***** Dataset excerpt *****
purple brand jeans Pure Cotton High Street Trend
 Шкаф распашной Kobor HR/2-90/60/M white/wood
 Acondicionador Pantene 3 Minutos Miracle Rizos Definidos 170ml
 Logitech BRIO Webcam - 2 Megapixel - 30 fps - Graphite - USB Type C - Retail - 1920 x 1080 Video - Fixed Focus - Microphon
*****
▶ **The task**: All lines from the one containing "Шкаф распашной Kobor HR/2-90/60/M white/wood" to the last line of the material above must be copied exactly, and only those.

▶ **Solution to this exercise**:
 Шкаф распашной Kobor HR/2-90/60/M white/wood
 Acondicionador Pantene 3 Minutos Miracle Rizos Definidos 170ml
 Logitech BRIO Webcam - 2 Megapixel - 30 fps - Graphite - USB Type C - Retail - 1920 x 1080 Video - Fixed Focus - Microphon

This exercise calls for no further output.